About this exercise - All lines from the one holding "Chicos No Iron" down to the last line of the entries are to be reproduced exactly, with no other lines.

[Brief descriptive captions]
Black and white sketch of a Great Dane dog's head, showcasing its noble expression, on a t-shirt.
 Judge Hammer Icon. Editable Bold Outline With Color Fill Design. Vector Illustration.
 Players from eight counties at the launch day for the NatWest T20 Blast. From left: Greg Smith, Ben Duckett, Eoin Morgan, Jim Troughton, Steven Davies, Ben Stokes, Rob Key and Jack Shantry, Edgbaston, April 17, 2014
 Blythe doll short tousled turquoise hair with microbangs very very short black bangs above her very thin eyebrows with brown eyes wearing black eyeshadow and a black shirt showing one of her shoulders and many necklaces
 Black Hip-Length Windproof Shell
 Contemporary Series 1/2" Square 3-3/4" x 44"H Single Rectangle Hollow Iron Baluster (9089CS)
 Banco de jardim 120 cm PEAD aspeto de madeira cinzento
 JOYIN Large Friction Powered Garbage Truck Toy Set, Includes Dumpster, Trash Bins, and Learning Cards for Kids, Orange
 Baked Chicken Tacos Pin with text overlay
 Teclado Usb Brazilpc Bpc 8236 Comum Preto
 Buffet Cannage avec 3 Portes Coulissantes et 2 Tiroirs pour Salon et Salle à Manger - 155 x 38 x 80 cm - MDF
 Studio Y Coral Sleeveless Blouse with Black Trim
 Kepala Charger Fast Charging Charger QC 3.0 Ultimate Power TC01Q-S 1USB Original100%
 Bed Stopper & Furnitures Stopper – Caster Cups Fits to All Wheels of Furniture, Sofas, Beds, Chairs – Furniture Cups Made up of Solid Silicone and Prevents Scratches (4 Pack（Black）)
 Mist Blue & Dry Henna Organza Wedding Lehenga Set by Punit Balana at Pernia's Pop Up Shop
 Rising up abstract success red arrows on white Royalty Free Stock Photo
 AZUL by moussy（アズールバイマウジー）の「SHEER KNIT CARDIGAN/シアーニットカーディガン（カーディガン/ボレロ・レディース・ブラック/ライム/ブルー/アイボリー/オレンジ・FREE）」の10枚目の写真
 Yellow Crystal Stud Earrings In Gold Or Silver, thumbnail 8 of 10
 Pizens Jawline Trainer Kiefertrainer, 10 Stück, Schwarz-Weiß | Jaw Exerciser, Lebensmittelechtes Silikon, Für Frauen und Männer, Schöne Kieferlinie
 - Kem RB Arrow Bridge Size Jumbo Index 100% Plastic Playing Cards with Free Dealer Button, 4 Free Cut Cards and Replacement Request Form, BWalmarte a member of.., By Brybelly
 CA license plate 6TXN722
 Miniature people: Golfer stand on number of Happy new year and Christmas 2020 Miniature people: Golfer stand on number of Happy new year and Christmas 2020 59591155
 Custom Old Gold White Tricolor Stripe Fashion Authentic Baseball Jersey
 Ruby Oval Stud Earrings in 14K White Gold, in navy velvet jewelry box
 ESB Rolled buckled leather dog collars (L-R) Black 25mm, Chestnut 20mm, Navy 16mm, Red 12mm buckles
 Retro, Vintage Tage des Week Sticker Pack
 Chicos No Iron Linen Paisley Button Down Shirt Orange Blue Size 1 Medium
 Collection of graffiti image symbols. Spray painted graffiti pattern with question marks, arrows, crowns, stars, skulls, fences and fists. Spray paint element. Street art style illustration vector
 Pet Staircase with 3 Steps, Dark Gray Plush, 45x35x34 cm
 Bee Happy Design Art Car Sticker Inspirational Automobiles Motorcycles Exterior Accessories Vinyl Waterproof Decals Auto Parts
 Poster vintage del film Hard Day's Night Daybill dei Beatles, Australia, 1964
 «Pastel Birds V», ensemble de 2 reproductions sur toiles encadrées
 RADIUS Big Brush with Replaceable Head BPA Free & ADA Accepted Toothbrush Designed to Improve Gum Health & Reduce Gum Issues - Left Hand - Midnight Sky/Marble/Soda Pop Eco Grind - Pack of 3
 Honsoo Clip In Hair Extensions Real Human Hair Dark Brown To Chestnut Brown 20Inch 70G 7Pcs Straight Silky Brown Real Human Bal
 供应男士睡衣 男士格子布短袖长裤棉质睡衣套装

Problem solution -
 Chicos No Iron Linen Paisley Button Down Shirt Orange Blue Size 1 Medium
 Collection of graffiti image symbols. Spray painted graffiti pattern with question marks, arrows, crowns, stars, skulls, fences and fists. Spray paint element. Street art style illustration vector
 Pet Staircase with 3 Steps, Dark Gray Plush, 45x35x34 cm
 Bee Happy Design Art Car Sticker Inspirational Automobiles Motorcycles Exterior Accessories Vinyl Waterproof Decals Auto Parts
 Poster vintage del film Hard Day's Night Daybill dei Beatles, Australia, 1964
 «Pastel Birds V», ensemble de 2 reproductions sur toiles encadrées
 RADIUS Big Brush with Replaceable Head BPA Free & ADA Accepted Toothbrush Designed to Improve Gum Health & Reduce Gum Issues - Left Hand - Midnight Sky/Marble/Soda Pop Eco Grind - Pack of 3
 Honsoo Clip In Hair Extensions Real Human Hair Dark Brown To Chestnut Brown 20Inch 70G 7Pcs Straight Silky Brown Real Human Bal
 供应男士睡衣 男士格子布短袖长裤棉质睡衣套装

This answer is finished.